We can ask God for help and know he will give it. Knowing that is the divine gift of hope.

This hope is based, among other things, on Jesus’ words: “If you then… know how to give good gifts to your children, how much more will your Father in heaven give good things to those who ask him!... On that day you will ask nothing of me. Very truly, I tell you, if you ask anything of the Father in my name, he will give it to you (Matthew 7:11; John 16:23).

In believing what Jesus says, we experience the gift of faith that gives hope. But we don’t experience it unless we exercise it.

Hope is a gift, an action of God himself in our hearts. Paul wrote (Romans 5:5): “Hope does not disappoint us, because God’s love has been poured into our hearts through the Holy Spirit that has been given to us.”

Because we have the gifts of faith and hope, we can interact with Jesus whenever we want and know it is a real interaction. We know he is there, listening, responding. We may not know exactly what he is saying or doing in response, but we know something is taking place. We know we are in a real relationship with him.

And that is a “mystical experience.” On ground level.

Pray frequently: “Lord, be with me!”

Practice: Interact with Jesus all day long.

Monday, December 29, 2014

Being Aware

December 29, 2014
The Fifth Day of Christmas
 Click here for the complete text of today’s readings.

Simeon took the child into his arms and blessed God, saying:
“Lord, now let your servant go in peace."

I can’t take Jesus physically into my arms. But I can be in touch—in conscious relationship—with him present in my heart. Whenever I want.

And so can you. That is something we have in common as part of our “communion in the Holy Spirit.” Christians who are aware of this can hold Jesus together. It is a communal “mystical experience” that is ours for the asking. If we choose to do it.

To experience relationship with Jesus, or with others “in him,” all we have to do is believe consciously and be conscious of what we are believing.

Remember, believing is a gift. We can’t just choose to believe Jesus is in our hearts. We have to know he is by the divine gift of faith. Jesus said, “Flesh and blood has not revealed this to you, but my Father in heaven… No one can come to me unless drawn by the Father.”

When we are conscious of knowing by faith that Jesus is in our hearts, it is a mystical experience—like the one granted to Simeon when he took Jesus into his arms and knew he was the Messiah:

“Lord… your word has been fulfilled:
my own eyes have seen the salvation which you prepared…
a light… the glory of your people Israel.”

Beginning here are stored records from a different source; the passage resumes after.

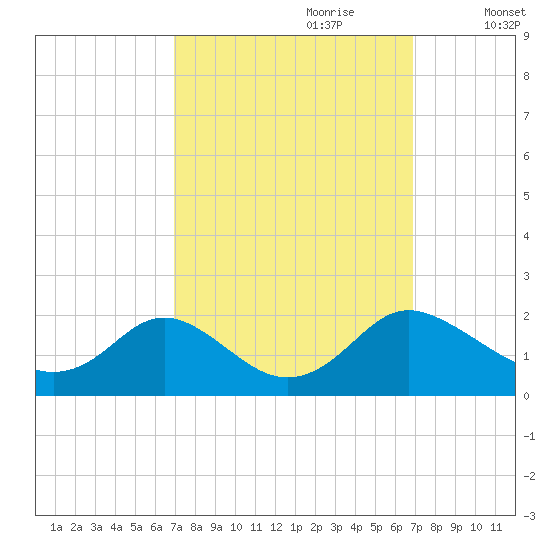McCreedy's Creek tide chart for Sunday, September 28, 2025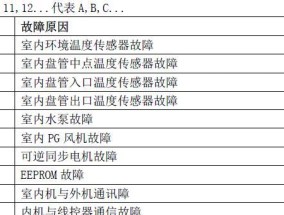 了解以空调H5是如何运作的（探索以空调H5的工作原理及优势）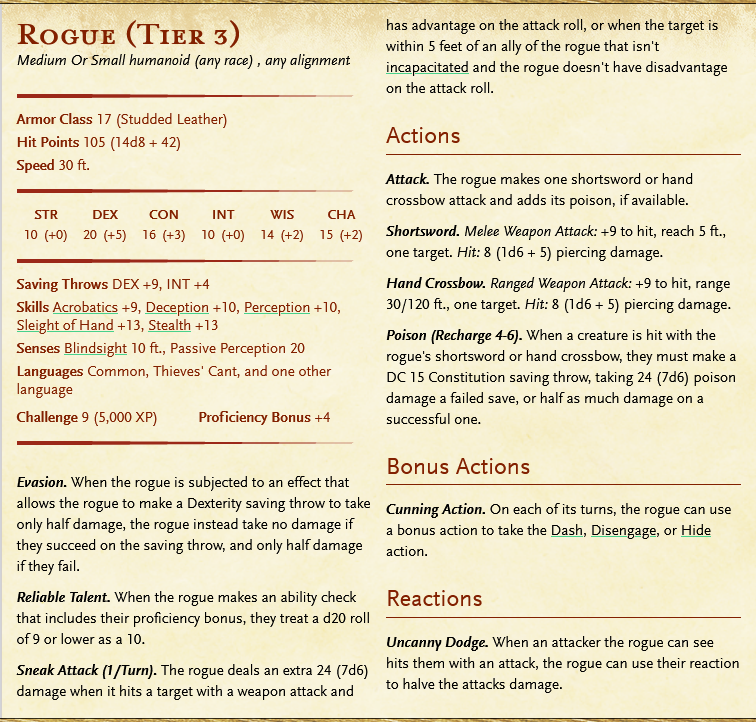 Rogue NPCs and How to Use Them for EVERY Tier of Play — Empty Hexes 5e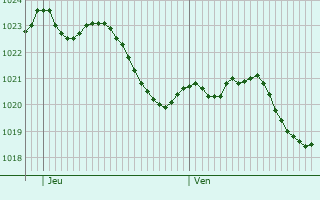 Graphe de la pression atmosphrique prvue pour La Chapelle-Villars
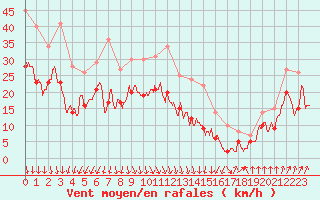 Courbe de la force du vent pour Valence (26)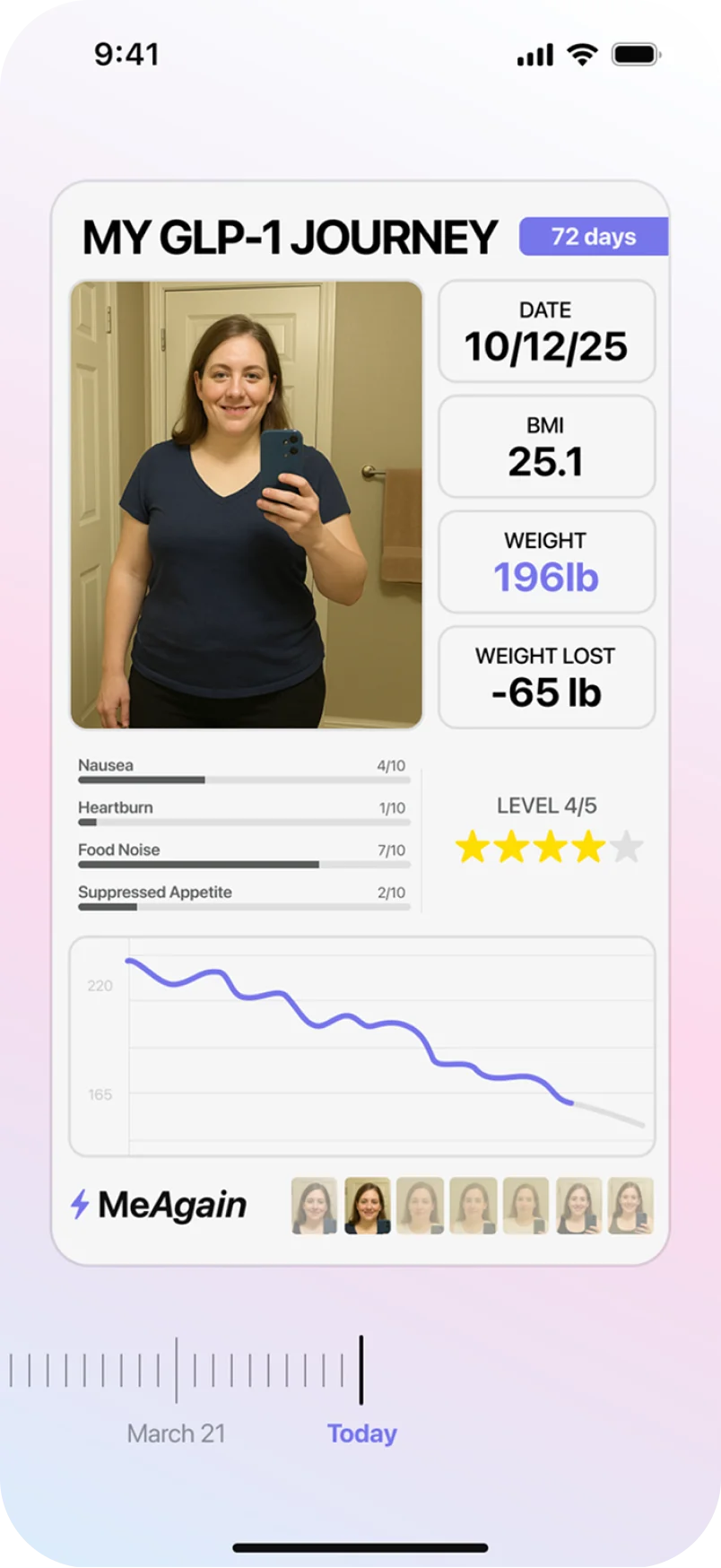 me again glp 1 app MeAgain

This gift is ours. But more often than not we ignore it: like an unwrapped Christmas present lying under the tree.

Pick it up. Take it into your arms. Be aware of what God has revealed to you. Rejoice in it.

Go in peace. Your eyes have seen the salvation, the light, the glory that God has revealed in the sight of all to whom it has been given to believe.

Father, thank you. The eyes of my heart have seen.”

Frequently during the day, be conscious of Jesus in your heart. Just be conscious of what you are conscious of.

Sunday, December 28, 2014

In the Name… of the Father

December 28, 2014
Feast of the Holy Family
Click here for the complete text of today’s readings.

Glory in his holy name; rejoice, O hearts that seek the LORD!

When Jesus was walking around Galilee, his disciples related to him as teacher and Messiah. When I was younger, I related to him as Savior. The relationship was more professional than personal: I wanted Jesus to save and protect me. I had no real relationship with the Father; not as Father.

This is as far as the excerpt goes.